See but their mermaids, with
their tails of fish,
Reeking at church over the
chafing-dish!
A vestal turf, enshrin’d
in earthen ware,
Fumes through the loopholes
of a wooden square;
Each to the temple with these
altars tend,
But still does place it at
her western end;
While the fat steam of female
sacrifice
Fills the priest’s nostrils,
and puts out his eyes.
Not all the poets, however, abused the Dutch. John Hagthorpe, in his England’s Exchequer in 1625 (written before the war: hence, perhaps, his kindness) thus addressed the “hollow land":—
Fair Holland, had’st
thou England’s chalky rocks,
To gird thy watery
waist; her healthful mounts,
With tender grass to feed
thy nibbling flocks:
Her pleasant groves,
and crystalline clear founts,
Most happy should’st
thou be by just accounts,
That in thine
age so fresh a youth do’st feel
Though flesh of
oak, and ribs of brass and steel.
But what hath prudent mother
Nature held
From thee—that
she might equal shares impart
Unto her other sons—that’s
not compell’d
To be the guerdons
of thy wit and art?
And industry, that brings
from every part
Of every thing
the fairest and the best,
Like the Arabian
bird to build thy nest?
Like the Arabian bird thy
nest to build,
With nimble wings
thou flyest for Indian sweets,
And incense which the Sabaan
forests yield,
And in thy nest
the goods of each pole meets,—
Which thy foes hope, shall
serve thy funeral rites—
But thou more
wise, secur’d by thy deep skill,
Dost build on
waves, from fires more safe than hill.
To return to the severer critics—in 1664 was published a little book called The Dutch Drawn to the Life, a hostile work not improbably written with the intention of exciting English animosity to the point of war. A great deal was made of the success of the Dutch fisheries and the mismanagement of our own.
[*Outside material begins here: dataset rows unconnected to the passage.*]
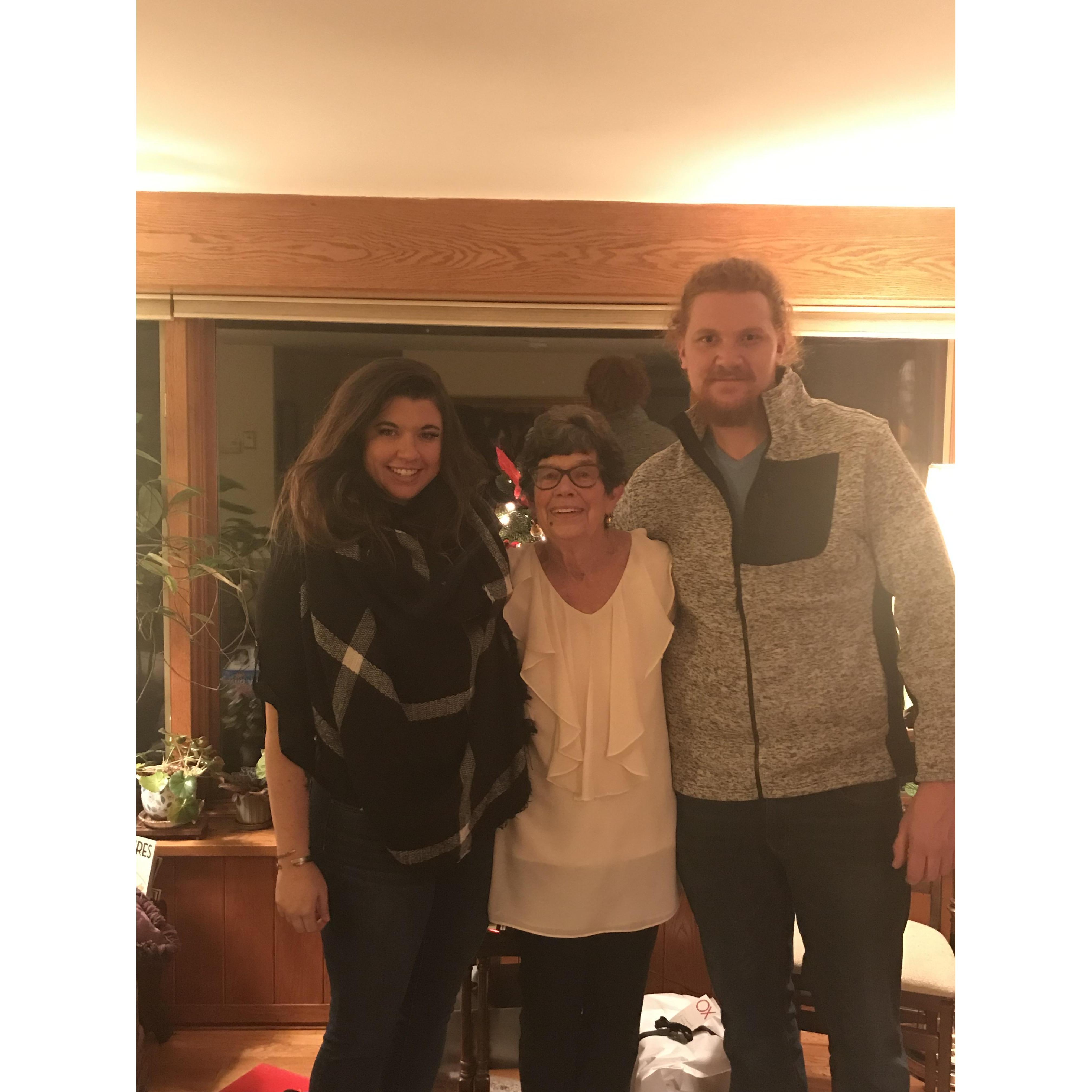 Christmas eve at Grandmas, the best dinner of the year every year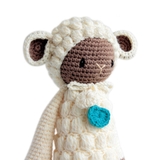 Thú bông len Bobicraft - Cừu Poppy đứng L - Đồ chơi an toàn Quà tặng bé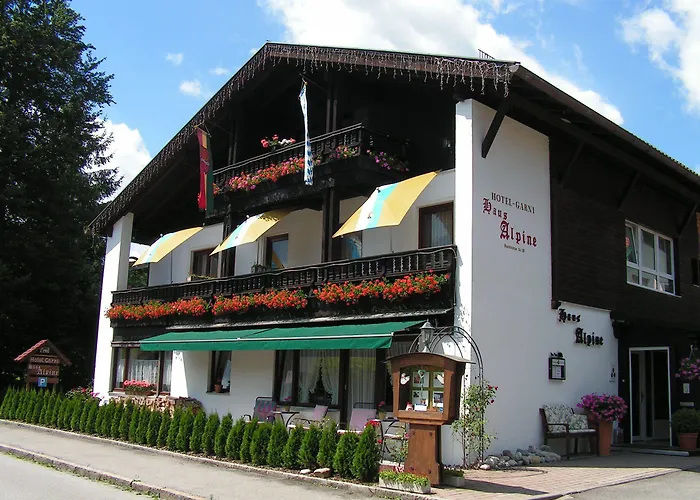 Hotel Garni Haus Alpine
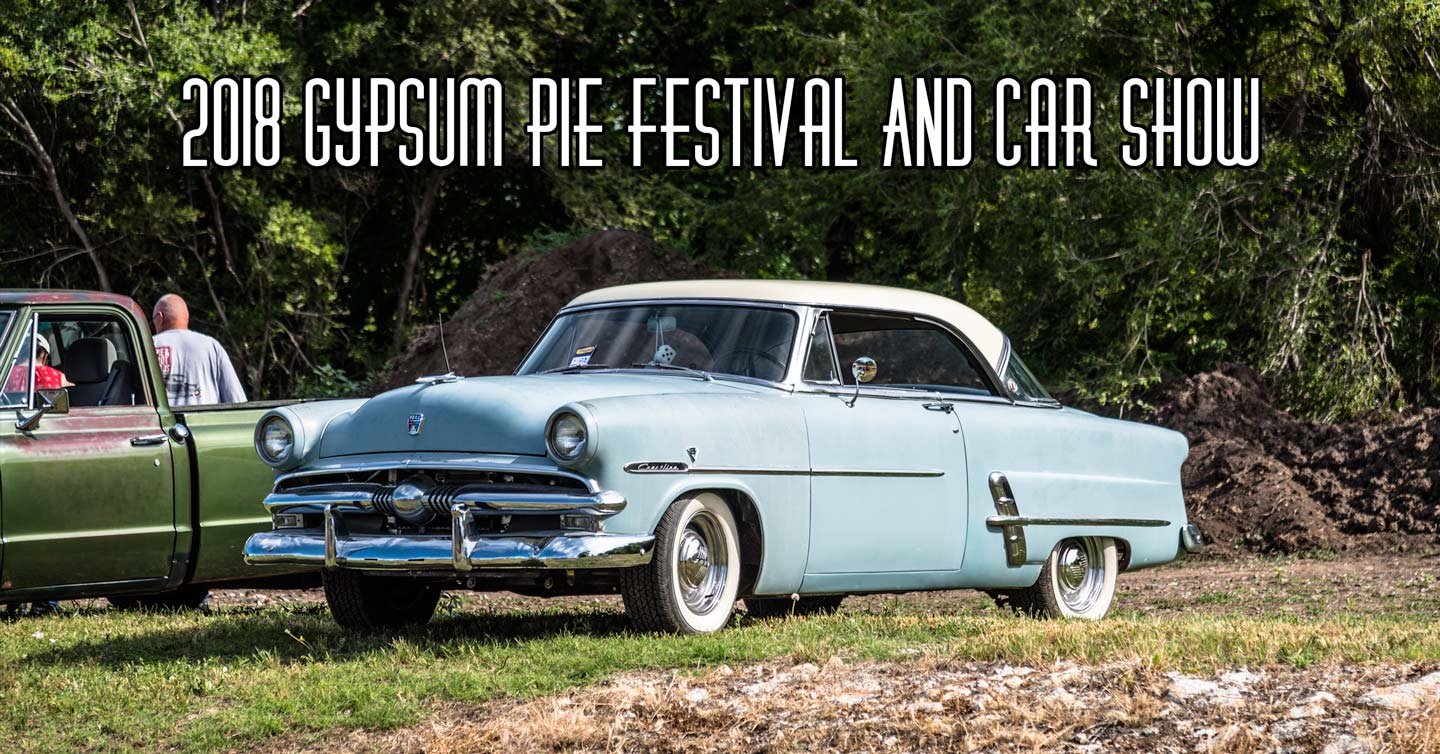 2018 Gypsum Pie Festival and Car Show
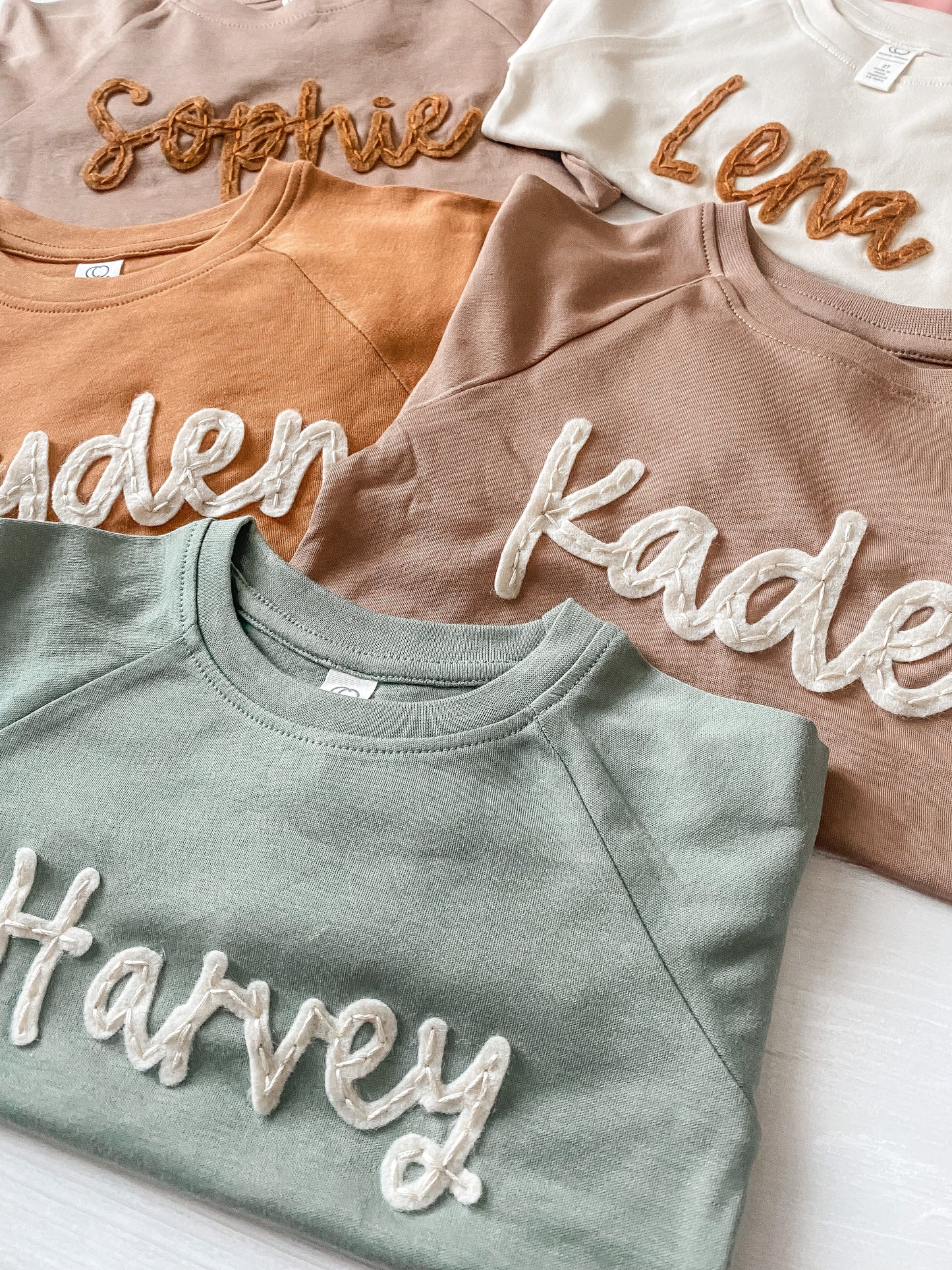 Custom Saying Pullover 6-10 letters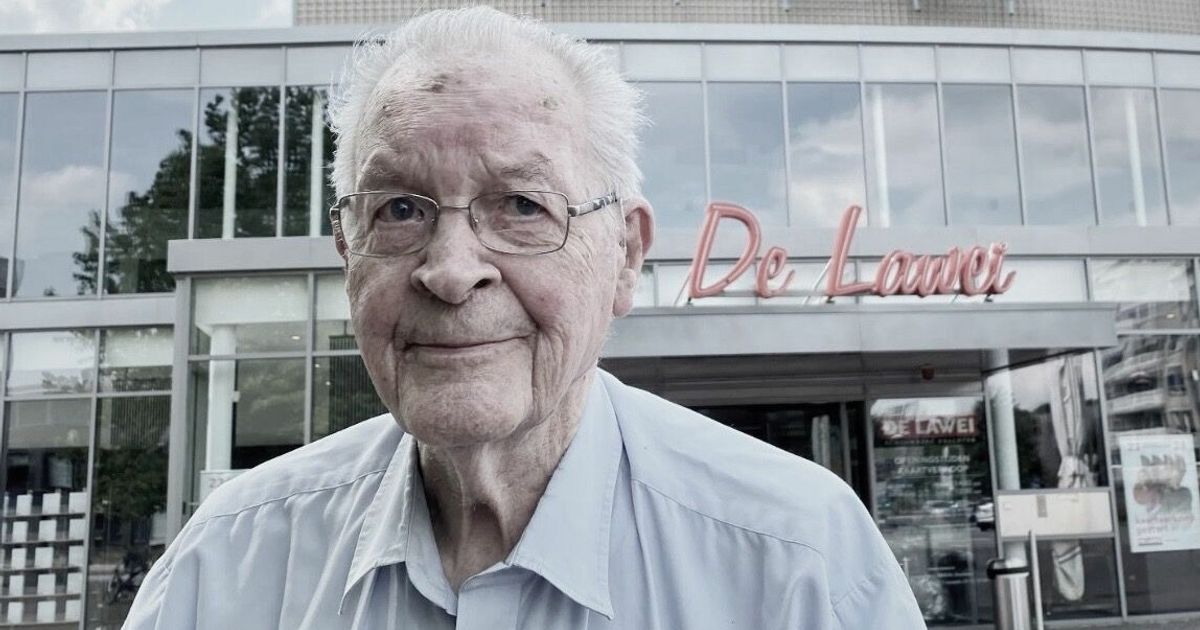 Oud-directeur Roel Oostra (104) van De Lawei in Drachten overleden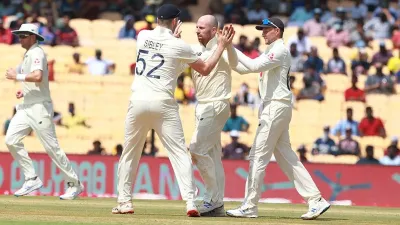 IND vs ENG: Jack Leach calls umpire's mistake 'controversial', compares football to VAR- India TV Hindi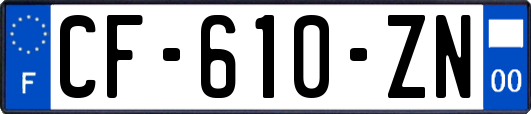 CF-610-ZN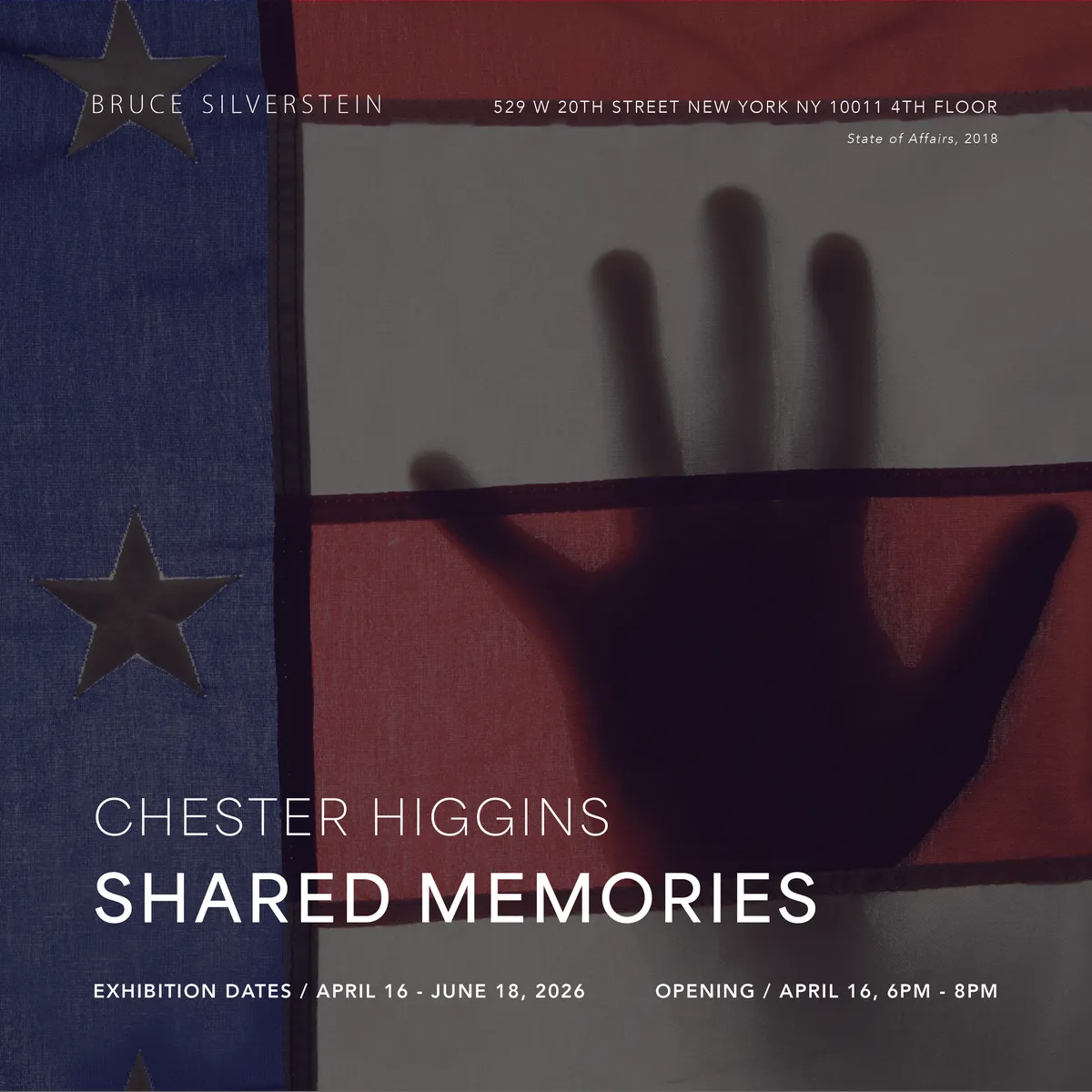 CHESTER HIGGINS: SHARED MEMORIES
The nation was criticised in all its aspects—“well nigh three millions of men, well-proportioned, great lovers of our English beer”. The following passage on the drinking capacity of the Dutch would have to be modified to-day:—
By their Excise, which riseth with their charge, the more money they pay, the more they receive again, in that insensible but profitable way: what is exhaled up in clouds, falls back again in showers: what the souldier receives in pay, he payes in Drink: their very enemies, though they hate the State, yet love their liquor, and pay excise: the most idle, slothful, and most improvident, that selleth his blood for drink, and his flesh for bread, serves at his own charge, for every pay day he payeth his sutler, and he the common purse.